Grandma just smiled in a condescending way. When the wine was poured, Grace surreptitiously slid her glass forward.
“I see what you are up to, minx!” Grandma laughed. “Never mind scowling, Alfred. She has to learn to drink, or she will make a cake of herself when she goes into society.”
At the meal’s end, Whewett was directed to bring his port to the Purple Saloon. Augusta tagged quietly after the grown-ups and sat in a dark corner to avoid detection. After a little business talk, Lady Healy turned to more personal matters. “Have you given any thought to your marriage, Alfred?” she asked.
“Yes, I think of it often.”
“You should have been married years ago. You need a mother for your daughter, as well as a wife for yourself. Who else have you in mind besides that vulgar cit, Elton?”
“Mrs. Elton is not a vulgar cit,” he objected.
“Title hunter! I know her sort. Up from the gutter by marrying some gouty old fool, and now she thinks to make herself a lady. She thinks to have easy pickings with you. You must not marry her, Alfred. Tell me who else you have in your eye. I want to hear what Gussie thinks of the ladies, too.”
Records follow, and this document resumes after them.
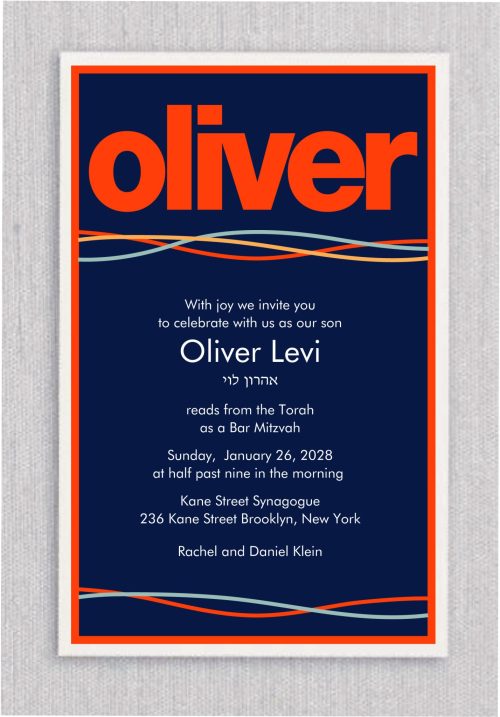 Modern Bold Navy and Orange Paperless Bar Mitzvah Invitations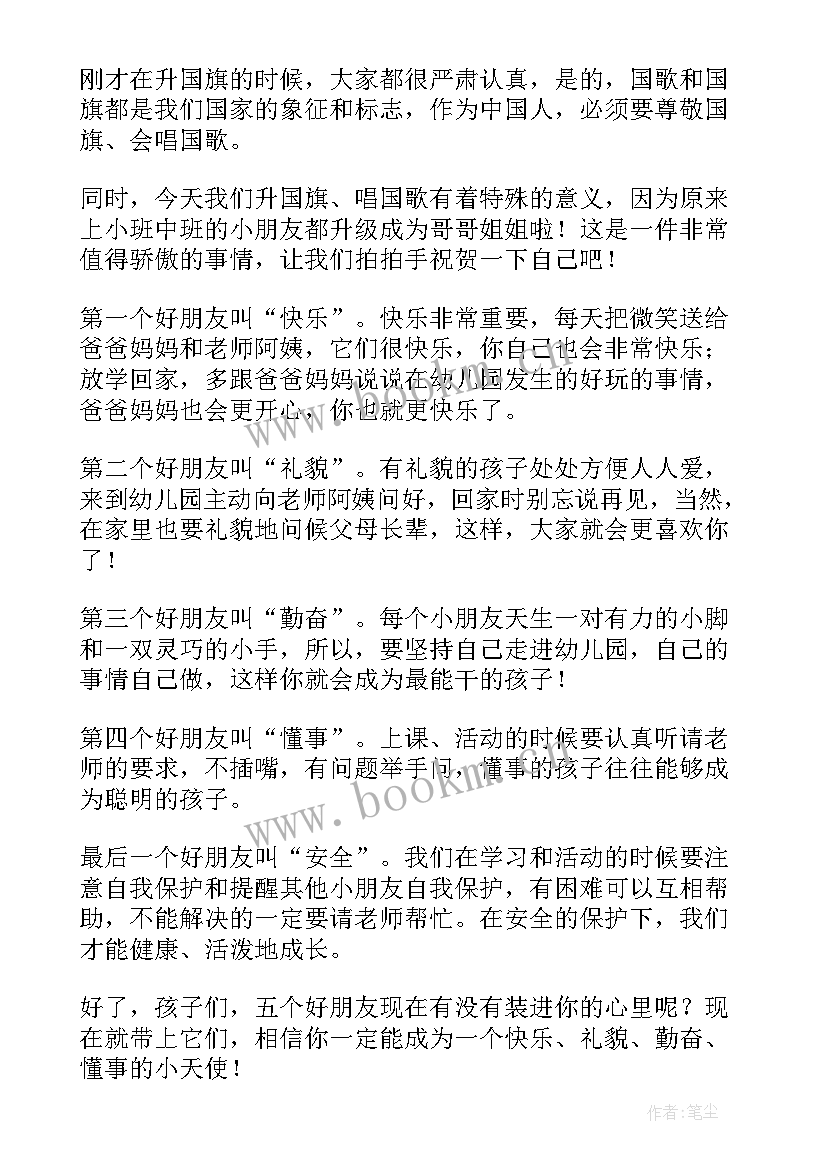 2023年幼儿园开学园长讲话 幼儿园开学典礼园长讲话稿(实用9篇)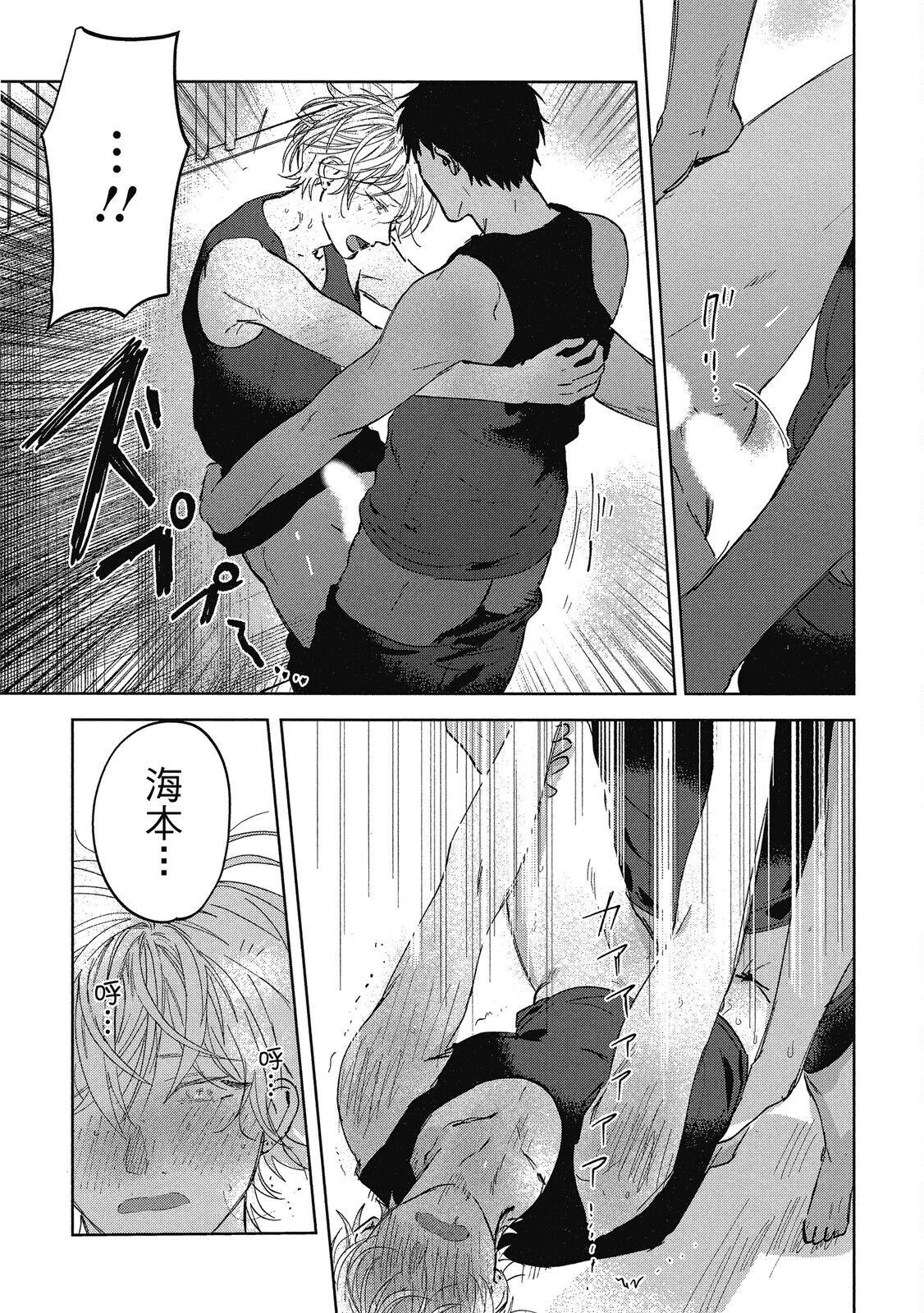 Iratsuku suhada | 心煩意亂的裸肌 - Page 205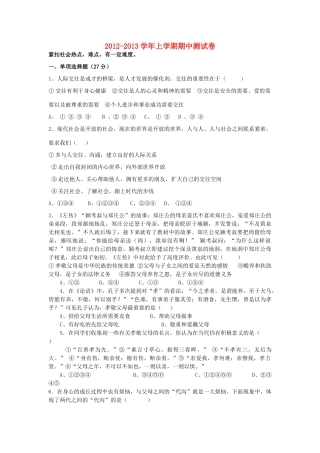 四川省乐山市八年级思想品德上学期期中测试卷 教科版试卷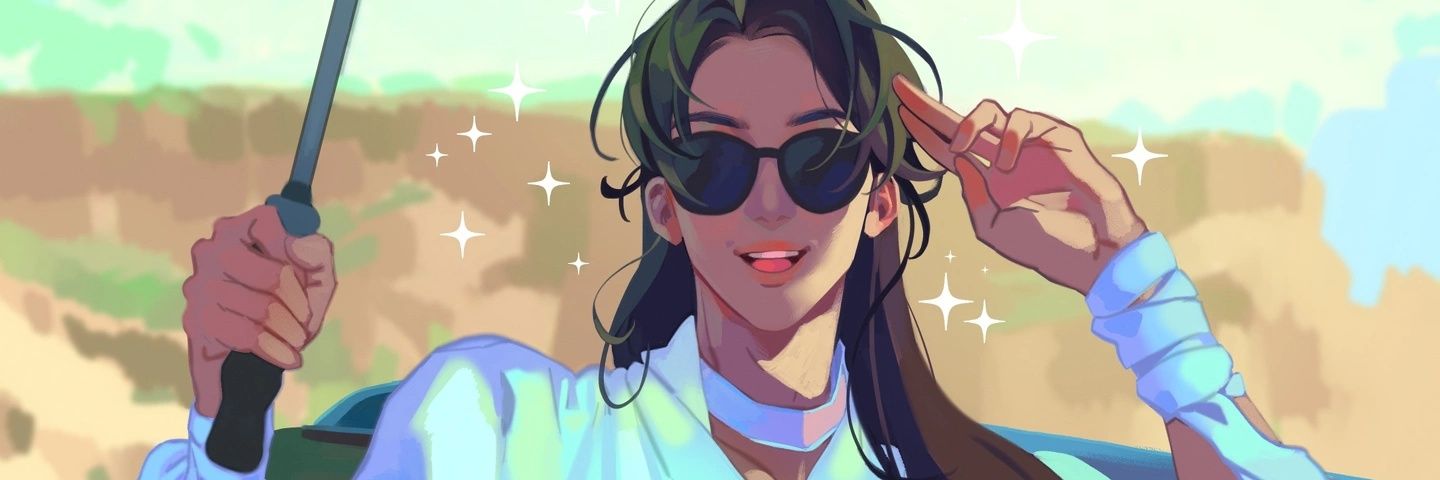 S__Deek banner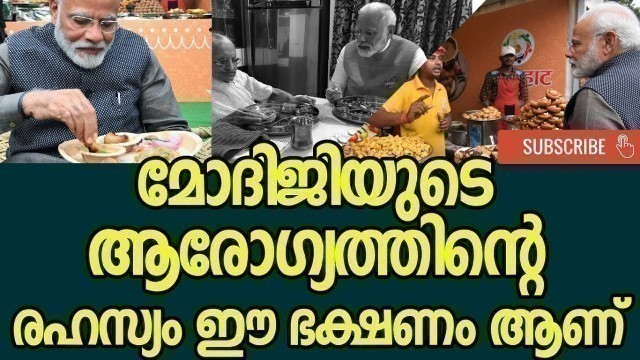 'മോദിജി നിത്യം കഴിക്കുന്ന ആഹാരം എന്താണ് ?|MODI EPI 07|pm modi favorite food'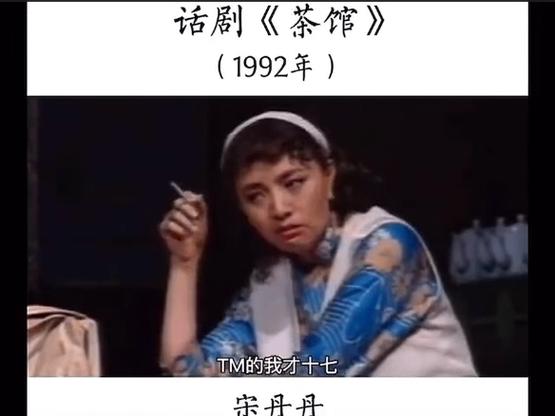茶馆有几个版本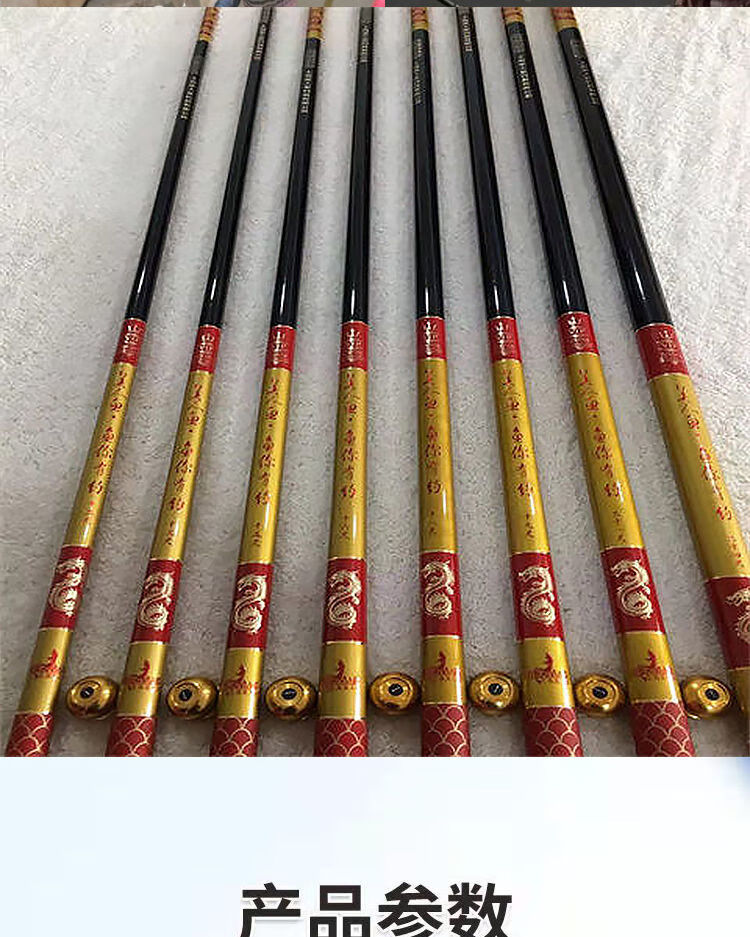 妖娆美人鱼鱼你有约鱼竿超轻超硬28调鱼竿手杆碳素台钓竿定制鱼你有约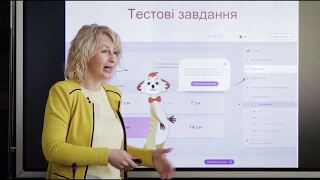 Структура уроків та завдань на платформі GIOS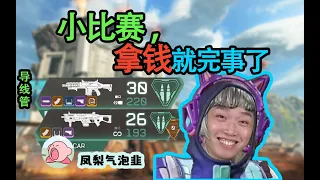 【Apex DF_Pite】現金杯21殺暴虐全場，這比賽輕鬆拿捏啊，拿錢就完了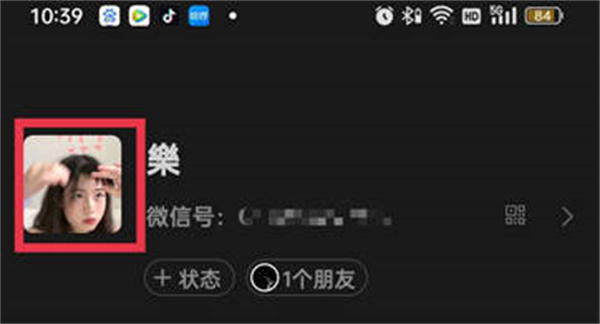微信拍一拍怎么添加表情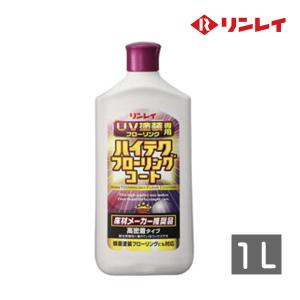 ハイテク フローリング コート 1L リンレイ 木床用 高密着 樹脂 ワックス (604312)｜egaonmo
“As the criterion of acceptability appears to be my daughter’s approval, let us hear which of my harem Augusta likes best,” he suggested, smiling lazily.
“I like Lady Eleanor. She already has a title, so she cannot be after that,” Grace said, tossing the ball back to Whewett to describe this fictitious lady.
“Let us hear about her,” Lady Healy commanded.
“Unexceptionable,” was Whewett’s brief opinion.